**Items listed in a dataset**
[Start of section]

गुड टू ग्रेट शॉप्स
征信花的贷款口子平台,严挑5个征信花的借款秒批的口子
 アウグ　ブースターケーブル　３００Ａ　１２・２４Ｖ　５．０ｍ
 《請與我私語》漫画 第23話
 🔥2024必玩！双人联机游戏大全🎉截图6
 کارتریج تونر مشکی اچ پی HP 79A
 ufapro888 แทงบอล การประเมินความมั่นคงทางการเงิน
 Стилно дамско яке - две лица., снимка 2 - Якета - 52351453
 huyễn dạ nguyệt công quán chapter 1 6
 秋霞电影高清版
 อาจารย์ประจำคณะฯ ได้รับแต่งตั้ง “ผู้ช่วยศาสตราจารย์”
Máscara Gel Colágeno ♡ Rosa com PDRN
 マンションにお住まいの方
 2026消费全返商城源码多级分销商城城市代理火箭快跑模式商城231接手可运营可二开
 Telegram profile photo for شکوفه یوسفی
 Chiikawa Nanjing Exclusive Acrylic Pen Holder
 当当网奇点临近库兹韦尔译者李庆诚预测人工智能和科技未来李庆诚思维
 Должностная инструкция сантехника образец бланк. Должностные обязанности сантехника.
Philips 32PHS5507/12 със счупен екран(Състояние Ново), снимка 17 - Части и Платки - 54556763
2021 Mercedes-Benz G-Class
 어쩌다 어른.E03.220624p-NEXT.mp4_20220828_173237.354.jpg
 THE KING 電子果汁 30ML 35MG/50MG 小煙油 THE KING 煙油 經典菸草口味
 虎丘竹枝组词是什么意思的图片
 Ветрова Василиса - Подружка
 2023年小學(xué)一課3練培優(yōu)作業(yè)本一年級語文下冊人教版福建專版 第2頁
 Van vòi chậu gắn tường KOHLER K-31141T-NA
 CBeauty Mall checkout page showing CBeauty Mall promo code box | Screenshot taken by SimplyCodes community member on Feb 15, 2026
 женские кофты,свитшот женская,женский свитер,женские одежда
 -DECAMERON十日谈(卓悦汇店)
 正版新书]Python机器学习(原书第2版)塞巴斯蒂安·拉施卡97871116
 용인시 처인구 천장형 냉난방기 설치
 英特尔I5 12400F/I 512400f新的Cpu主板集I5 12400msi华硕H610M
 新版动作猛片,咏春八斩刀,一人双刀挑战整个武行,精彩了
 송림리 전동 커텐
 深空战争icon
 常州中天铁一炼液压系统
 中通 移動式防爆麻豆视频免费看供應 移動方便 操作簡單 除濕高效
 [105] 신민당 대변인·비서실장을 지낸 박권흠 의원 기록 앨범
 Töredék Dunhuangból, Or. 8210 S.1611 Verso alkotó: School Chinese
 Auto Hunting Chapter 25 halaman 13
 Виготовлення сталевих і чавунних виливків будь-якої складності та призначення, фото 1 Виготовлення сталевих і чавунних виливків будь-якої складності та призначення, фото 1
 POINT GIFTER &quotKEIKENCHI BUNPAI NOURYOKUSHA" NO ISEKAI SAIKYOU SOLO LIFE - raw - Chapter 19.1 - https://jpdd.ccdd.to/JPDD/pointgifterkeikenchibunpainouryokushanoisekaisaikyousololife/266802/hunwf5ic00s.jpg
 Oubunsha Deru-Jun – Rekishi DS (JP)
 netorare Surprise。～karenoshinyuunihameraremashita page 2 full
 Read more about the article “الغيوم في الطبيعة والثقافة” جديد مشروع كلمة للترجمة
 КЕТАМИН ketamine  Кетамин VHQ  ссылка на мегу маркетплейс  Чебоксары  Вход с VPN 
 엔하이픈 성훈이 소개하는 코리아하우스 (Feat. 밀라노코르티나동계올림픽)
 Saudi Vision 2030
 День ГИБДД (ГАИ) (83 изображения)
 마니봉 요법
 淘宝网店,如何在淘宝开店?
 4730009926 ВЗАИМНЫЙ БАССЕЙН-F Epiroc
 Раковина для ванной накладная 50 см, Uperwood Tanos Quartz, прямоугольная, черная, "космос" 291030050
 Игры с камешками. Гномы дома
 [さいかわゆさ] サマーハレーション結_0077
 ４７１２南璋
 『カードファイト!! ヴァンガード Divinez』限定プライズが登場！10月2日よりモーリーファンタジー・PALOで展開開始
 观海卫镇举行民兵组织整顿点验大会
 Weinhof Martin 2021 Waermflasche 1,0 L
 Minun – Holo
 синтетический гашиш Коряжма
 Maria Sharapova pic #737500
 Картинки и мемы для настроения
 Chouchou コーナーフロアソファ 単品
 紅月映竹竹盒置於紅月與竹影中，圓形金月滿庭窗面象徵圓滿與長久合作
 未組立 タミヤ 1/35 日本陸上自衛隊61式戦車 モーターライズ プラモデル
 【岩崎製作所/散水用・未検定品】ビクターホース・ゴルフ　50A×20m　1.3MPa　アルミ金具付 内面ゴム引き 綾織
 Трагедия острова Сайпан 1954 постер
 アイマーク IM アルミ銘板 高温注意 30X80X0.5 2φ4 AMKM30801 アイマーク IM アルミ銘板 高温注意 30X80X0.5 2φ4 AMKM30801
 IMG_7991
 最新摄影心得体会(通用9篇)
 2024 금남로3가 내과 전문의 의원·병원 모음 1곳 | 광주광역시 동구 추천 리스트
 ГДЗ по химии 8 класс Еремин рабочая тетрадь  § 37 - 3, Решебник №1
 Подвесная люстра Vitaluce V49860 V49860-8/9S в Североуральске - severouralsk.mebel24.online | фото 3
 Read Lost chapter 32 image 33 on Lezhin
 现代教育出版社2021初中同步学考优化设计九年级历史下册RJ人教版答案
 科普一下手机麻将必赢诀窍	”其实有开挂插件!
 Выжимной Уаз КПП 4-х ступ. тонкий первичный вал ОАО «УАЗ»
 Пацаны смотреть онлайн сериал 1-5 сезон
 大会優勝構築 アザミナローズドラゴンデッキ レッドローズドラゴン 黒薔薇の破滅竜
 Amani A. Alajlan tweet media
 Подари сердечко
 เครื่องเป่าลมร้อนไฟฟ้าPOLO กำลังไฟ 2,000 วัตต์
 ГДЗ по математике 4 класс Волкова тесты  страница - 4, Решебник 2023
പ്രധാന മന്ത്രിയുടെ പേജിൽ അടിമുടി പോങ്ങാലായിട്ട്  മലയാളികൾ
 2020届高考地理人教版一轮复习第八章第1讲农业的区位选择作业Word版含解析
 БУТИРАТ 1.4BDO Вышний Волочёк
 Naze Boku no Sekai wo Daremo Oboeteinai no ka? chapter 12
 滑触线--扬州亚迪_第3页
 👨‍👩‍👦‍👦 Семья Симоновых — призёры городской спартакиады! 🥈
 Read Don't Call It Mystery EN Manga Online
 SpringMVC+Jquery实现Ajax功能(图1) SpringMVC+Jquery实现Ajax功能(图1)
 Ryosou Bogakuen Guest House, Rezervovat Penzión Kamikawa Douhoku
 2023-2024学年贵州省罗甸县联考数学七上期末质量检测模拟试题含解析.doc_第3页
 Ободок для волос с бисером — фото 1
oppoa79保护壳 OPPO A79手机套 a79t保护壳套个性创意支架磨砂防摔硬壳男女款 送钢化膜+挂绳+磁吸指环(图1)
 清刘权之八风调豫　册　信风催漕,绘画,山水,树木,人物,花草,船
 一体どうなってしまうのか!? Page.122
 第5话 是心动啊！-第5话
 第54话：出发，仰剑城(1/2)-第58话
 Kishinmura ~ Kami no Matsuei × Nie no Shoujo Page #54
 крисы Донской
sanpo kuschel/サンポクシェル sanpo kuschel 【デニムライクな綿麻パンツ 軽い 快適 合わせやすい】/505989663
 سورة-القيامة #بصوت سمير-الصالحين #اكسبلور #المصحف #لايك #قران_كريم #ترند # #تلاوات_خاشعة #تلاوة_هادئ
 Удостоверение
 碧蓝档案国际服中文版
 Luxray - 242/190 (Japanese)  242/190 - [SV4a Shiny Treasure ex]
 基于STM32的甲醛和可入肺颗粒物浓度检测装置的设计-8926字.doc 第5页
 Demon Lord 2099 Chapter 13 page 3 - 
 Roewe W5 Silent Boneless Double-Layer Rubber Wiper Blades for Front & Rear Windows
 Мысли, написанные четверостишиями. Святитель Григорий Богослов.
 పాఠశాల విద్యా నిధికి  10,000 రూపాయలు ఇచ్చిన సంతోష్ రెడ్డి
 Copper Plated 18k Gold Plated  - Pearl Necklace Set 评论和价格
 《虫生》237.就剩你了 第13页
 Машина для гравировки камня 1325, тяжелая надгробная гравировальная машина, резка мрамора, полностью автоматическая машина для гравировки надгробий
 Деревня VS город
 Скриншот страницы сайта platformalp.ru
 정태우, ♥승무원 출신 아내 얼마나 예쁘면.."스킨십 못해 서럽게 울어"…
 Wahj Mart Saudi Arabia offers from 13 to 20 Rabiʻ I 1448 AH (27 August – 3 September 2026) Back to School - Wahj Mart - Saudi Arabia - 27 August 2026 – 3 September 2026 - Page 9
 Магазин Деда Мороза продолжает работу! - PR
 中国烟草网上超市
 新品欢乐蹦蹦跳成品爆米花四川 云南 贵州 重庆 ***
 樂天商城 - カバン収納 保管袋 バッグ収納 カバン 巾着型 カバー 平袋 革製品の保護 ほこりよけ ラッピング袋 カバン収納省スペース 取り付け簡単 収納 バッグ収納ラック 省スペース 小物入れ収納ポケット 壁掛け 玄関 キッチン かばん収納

[End of section]

**Work order**
Between the first line of the entries above and the line with "2026消费全返商城源码多级", both included, copy every line exactly and nothing outside that range.

**Final answer**
गुड टू ग्रेट शॉप्स
征信花的贷款口子平台,严挑5个征信花的借款秒批的口子
 アウグ　ブースターケーブル　３００Ａ　１２・２４Ｖ　５．０ｍ
 《請與我私語》漫画 第23話
 🔥2024必玩！双人联机游戏大全🎉截图6
 کارتریج تونر مشکی اچ پی HP 79A
 ufapro888 แทงบอล การประเมินความมั่นคงทางการเงิน
 Стилно дамско яке - две лица., снимка 2 - Якета - 52351453
 huyễn dạ nguyệt công quán chapter 1 6
 秋霞电影高清版
 อาจารย์ประจำคณะฯ ได้รับแต่งตั้ง “ผู้ช่วยศาสตราจารย์”
Máscara Gel Colágeno ♡ Rosa com PDRN
 マンションにお住まいの方
 2026消费全返商城源码多级分销商城城市代理火箭快跑模式商城231接手可运营可二开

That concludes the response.